# UAD PolyMax



## Pier (Nov 8, 2022)

Sounds fantastic. Shame it's only available for Spark subscribers or owners of UAD hardware.











PolyMAX Synth | UAD Audio Plugins | Universal Audio


PolyMAX is our vintage-inspired synth that gives producers, sound designers, and musicians fat analog tones from the golden age of polysynthesis.




www.uaudio.com


----------



## KEM (Nov 8, 2022)

I’ll give them props for opening the video with “Swedish Brass” as the first preset, still hate UAD though


----------



## 3DC (Nov 8, 2022)

KEM said:


> I’ll give them props for opening the video with “Swedish Brass” as the first preset, still hate UAD though


I am not impressed either. Too flat or clean or whatever the official word is in English.


----------



## Pier (Nov 11, 2022)

Check this out.

UAD actually built a custom mini hardware synth on a prototype board that they then modeled.

Pretty cool huh?






UADx/Spark PolyMAX Synthesizer - Official Q&A w/ Patrick Aurelio


I would of loved to see more unison and poly modes.
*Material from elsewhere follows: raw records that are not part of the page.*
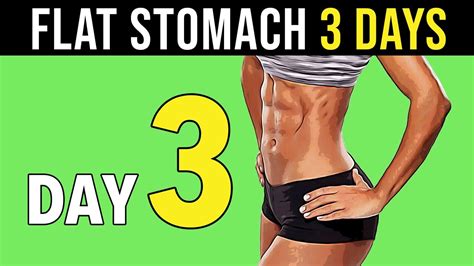 3 Day Flat Stomach Workout Challenge Day 3 Youtube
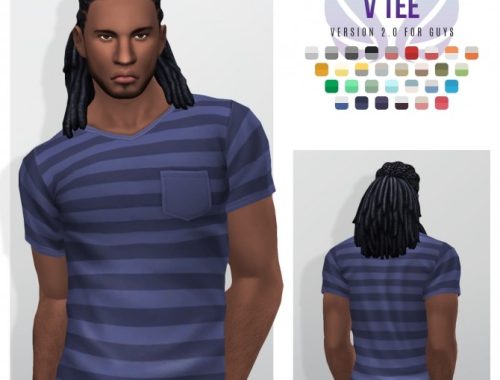 Simple V-Necks Keeping It Simple and Stripe My V Tees at Simsational Designs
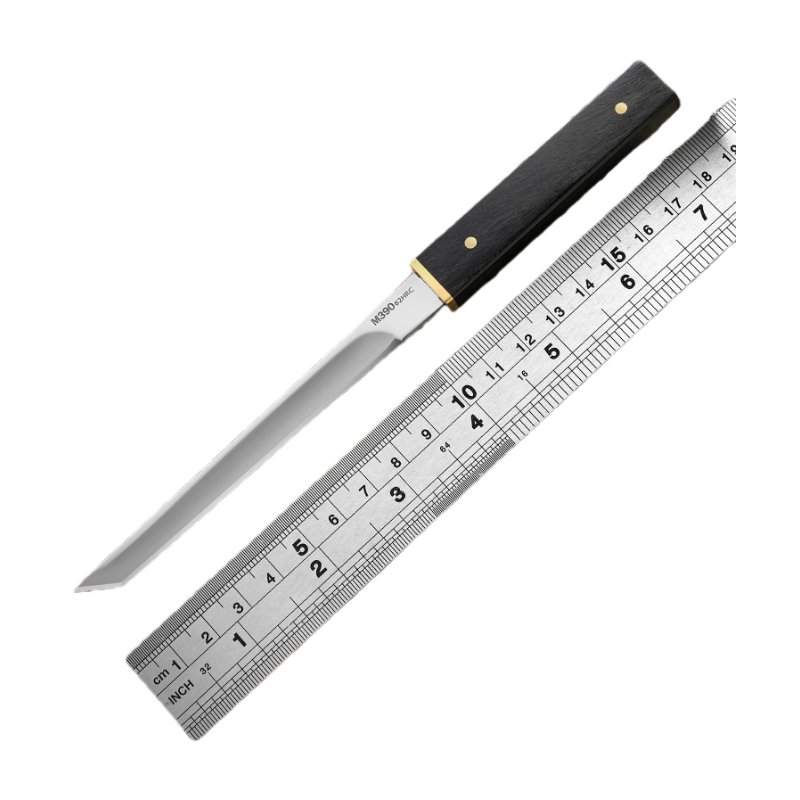ON THE OUTSIDE, THE ABS SUB-MARINE CAMP ATE A NICE MEAT KNIFE AND A TEA KNIFE AND USED A FRUIT KNIFE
The synth is quite beefy, plenty of options and FX.



uadforum.com


----------



## Pier (Nov 11, 2022)




----------



## Marcus Millfield (Nov 12, 2022)

Pier said:


> Check this out.
> 
> UAD actually built a custom mini hardware synth on a prototype board that they then modeled.
> 
> ...


That's a lot of work for modelling a new synth! Kudos for that at least. Bit expensive at $199 though.


----------



## Axl (Nov 12, 2022)

It would be so cool if they made a hardware synth that could also act as a controller for the software.


----------